Hay aspectos que son fundamentales de la vida y para la vida, que siempre deben ser iluminados, estudiados y reflexionados; entre ellos, uno de capital importancia: ¿qué estamos dando al ser humano para que crezca como tal? ¿Solamente ideas? ¿Solo proyectos de vida que nacen de nuestras ideas sobre el hombre y la humanidad? ¿Cómo puede la Iglesia acercar más y más a Jesucristo a los hombres y entregarles la sabiduría, la novedad y la riqueza que inunda el corazón cuando dejamos entrar en nuestra vida a Él y a todo lo que viene de Él?

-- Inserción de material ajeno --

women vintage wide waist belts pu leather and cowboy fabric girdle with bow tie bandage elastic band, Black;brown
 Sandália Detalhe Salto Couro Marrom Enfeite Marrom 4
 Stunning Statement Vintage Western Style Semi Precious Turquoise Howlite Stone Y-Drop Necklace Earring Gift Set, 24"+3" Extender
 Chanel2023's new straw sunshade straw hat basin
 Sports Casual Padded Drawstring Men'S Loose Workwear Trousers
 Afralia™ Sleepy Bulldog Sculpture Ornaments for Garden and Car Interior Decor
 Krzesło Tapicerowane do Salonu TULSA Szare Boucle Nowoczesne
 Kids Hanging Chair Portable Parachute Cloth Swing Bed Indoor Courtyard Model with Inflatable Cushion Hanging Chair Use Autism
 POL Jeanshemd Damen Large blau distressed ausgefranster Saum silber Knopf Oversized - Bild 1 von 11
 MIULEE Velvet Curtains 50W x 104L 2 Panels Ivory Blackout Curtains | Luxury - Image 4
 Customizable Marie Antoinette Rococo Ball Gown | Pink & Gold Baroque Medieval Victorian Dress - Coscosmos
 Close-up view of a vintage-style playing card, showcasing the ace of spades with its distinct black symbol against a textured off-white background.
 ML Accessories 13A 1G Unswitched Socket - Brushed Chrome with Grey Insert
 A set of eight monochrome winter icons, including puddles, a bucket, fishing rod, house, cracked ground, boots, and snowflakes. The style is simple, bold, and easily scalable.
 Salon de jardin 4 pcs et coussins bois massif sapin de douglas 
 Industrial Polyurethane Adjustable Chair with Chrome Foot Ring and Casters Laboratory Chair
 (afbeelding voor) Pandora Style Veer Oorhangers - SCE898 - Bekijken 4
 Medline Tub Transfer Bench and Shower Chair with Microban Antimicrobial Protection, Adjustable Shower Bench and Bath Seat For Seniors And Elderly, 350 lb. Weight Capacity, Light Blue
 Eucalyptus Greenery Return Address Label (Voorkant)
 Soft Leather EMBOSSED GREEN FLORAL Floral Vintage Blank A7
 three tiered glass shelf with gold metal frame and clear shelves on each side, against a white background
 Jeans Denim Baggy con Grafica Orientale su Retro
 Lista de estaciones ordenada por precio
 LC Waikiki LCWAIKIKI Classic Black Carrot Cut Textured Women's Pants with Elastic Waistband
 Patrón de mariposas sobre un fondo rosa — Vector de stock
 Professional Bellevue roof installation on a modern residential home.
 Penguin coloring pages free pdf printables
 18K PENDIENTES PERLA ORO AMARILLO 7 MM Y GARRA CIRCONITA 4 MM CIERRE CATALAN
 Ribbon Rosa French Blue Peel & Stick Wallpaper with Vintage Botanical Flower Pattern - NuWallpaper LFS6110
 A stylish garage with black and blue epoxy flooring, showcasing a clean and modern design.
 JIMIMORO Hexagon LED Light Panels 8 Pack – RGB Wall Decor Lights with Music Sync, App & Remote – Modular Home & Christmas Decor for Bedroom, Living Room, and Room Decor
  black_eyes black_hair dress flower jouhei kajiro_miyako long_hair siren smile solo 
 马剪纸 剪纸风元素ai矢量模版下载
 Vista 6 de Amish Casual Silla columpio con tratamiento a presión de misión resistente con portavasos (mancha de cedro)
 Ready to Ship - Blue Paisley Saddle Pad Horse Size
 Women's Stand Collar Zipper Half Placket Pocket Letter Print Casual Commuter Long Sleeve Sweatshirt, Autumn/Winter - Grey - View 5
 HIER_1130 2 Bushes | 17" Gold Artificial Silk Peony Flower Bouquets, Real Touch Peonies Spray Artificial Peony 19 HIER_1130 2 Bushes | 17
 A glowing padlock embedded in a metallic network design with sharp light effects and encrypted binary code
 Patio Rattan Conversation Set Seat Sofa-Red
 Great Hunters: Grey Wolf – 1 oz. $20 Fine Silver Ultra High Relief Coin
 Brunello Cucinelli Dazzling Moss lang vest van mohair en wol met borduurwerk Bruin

Estos días estamos conmemorando la llegada del ser humano a la Luna. Este mundo de las grandes conquistas científicas y técnicas, ¿ha logrado acercarnos a lo profundo de la conciencia humana y tocar el misterio interior del hombre que, en lenguaje bíblico, lo expresamos con la palabra corazón? Sinceramente creo que no y, sin embargo, lo barruntamos como lo más necesario. Muchos pensadores contemporáneos alertan de que nuestra sociedad se deja dominar por una actitud instrumental, que desprecia y suprime la trascendencia; una sociedad en la que la visión de la vida humana está vacía, sin compromisos de por vida… Ahí surge la necesidad de educar desde el corazón, como nos enseñó Jesús. Y no es esto una niñería ni un despropósito, no es un ir por los aledaños de la vida, sino precisamente entrar donde se fragua lo más noble y bello y también lo más terrible y feo. ¿No recordáis la entrada que hizo el Señor en la vida de los hombres y encontró a uno que le gritaba? El Señor, volviéndose, le dijo: «¿Qué quieres que haga por ti?». La respuesta de aquel hombre fue clara: «¡Que vea Señor!». Jesús le hizo ver lo que cura: «Tu fe te ha salvado». Y comenzó a ver y a ver desde el corazón.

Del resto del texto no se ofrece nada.